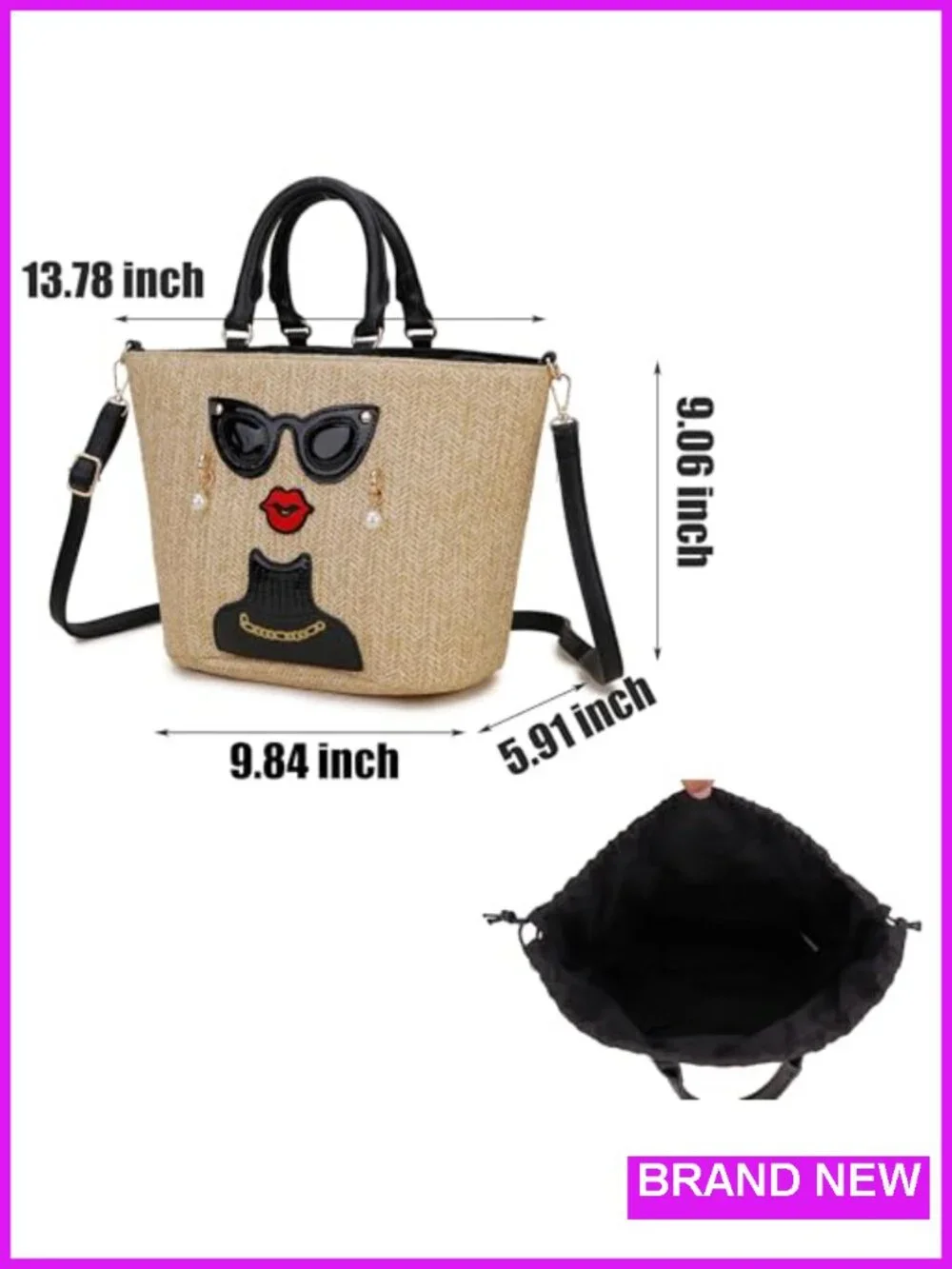 Funky Lady Face Straw Tote Bag Top Handle Satchel Shoulder Bag Purse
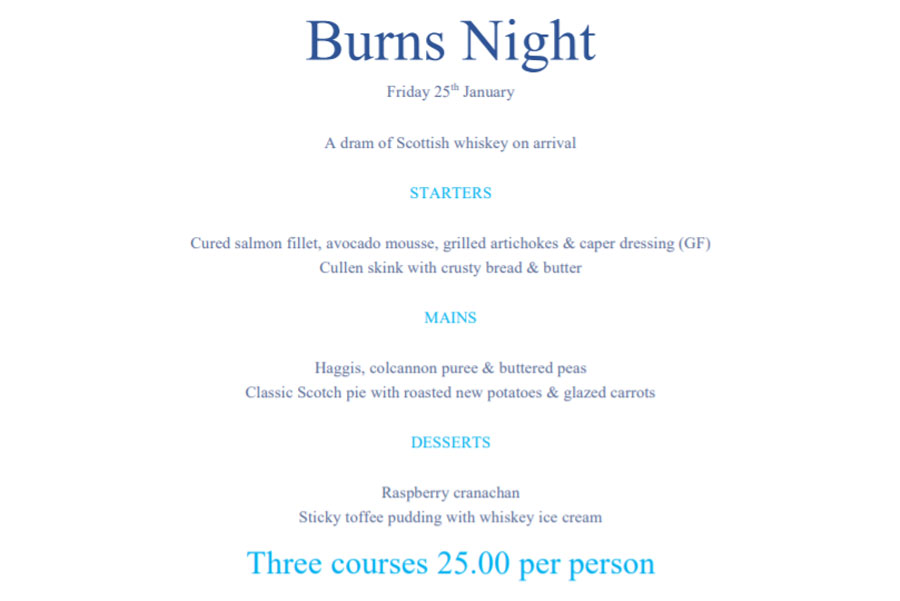 Example Burns Night menu
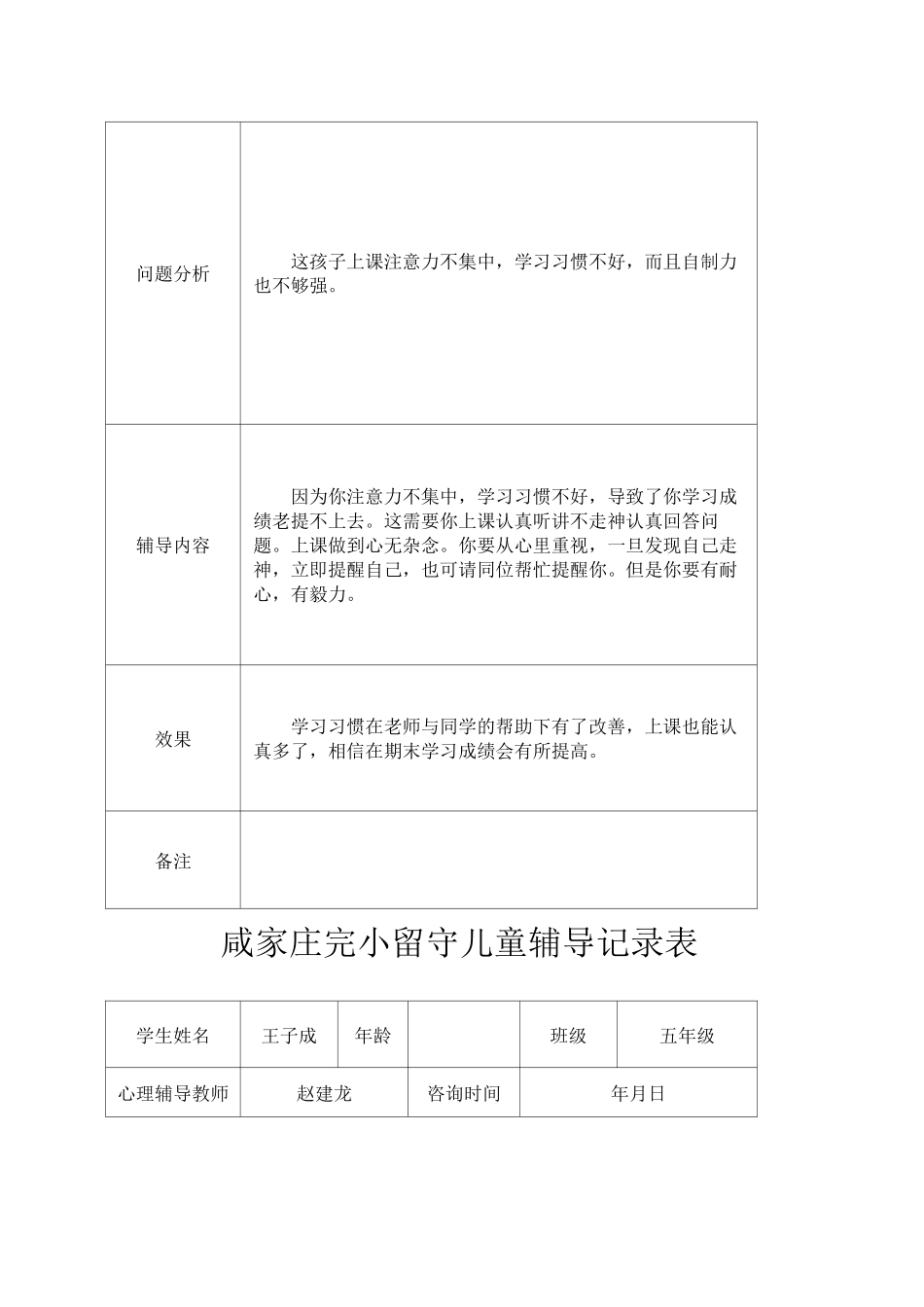 留守儿童心理辅导记录表_第3页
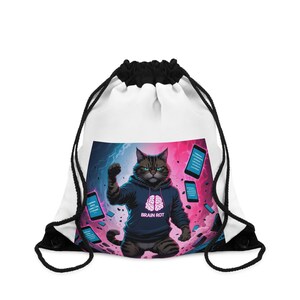 Brain Rot Cool Cat Drawstring Bag - Fun & Functional, Perfect for Cat Lovers, Gym, School, and Everyday Use, Gifts for Pet Owners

=== Description of the task ===
Apart from the pictures, repeat the data above exactly.

=== Reply to the task ===
 Funky Lady Face Straw Tote Bag Top Handle Satchel Shoulder Bag Purse
 Example Burns Night menu
 留守儿童心理辅导记录表_第3页
 Brain Rot Cool Cat Drawstring Bag - Fun & Functional, Perfect for Cat Lovers, Gym, School, and Everyday Use, Gifts for Pet Owners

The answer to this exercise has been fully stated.